-- Dataset excerpt follows --

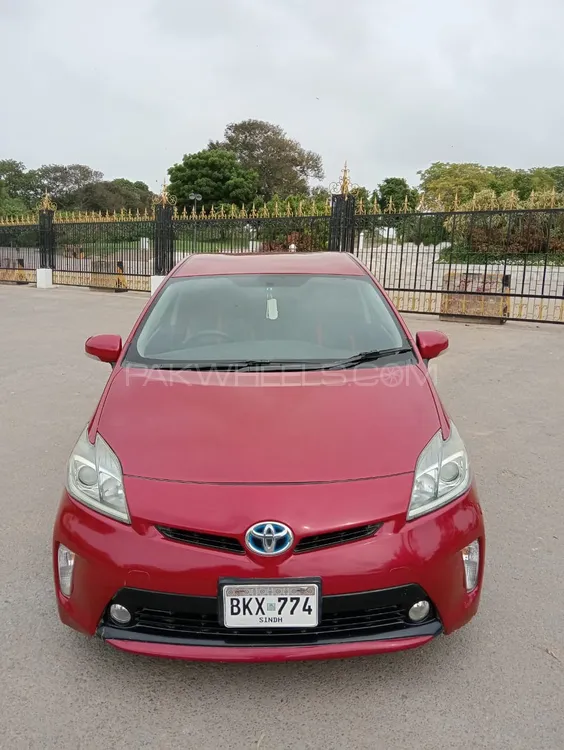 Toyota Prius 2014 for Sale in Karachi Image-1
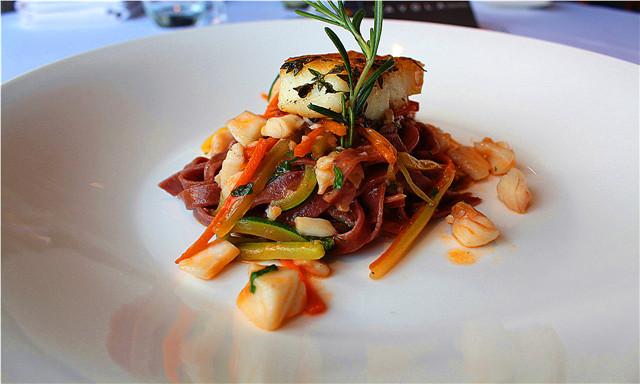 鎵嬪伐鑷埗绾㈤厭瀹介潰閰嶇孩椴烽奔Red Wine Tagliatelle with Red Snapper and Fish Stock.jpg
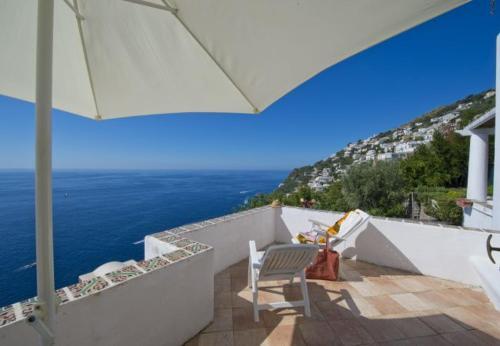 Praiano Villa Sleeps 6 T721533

-- Dataset excerpt concluded --

**Exercise instructions:**
Your reply should restate the data above word for word and contain no pictures.

**Solution for this task:**
 Toyota Prius 2014 for Sale in Karachi Image-1
 鎵嬪伐鑷埗绾㈤厭瀹介潰閰嶇孩椴烽奔Red Wine Tagliatelle with Red Snapper and Fish Stock.jpg
 Praiano Villa Sleeps 6 T721533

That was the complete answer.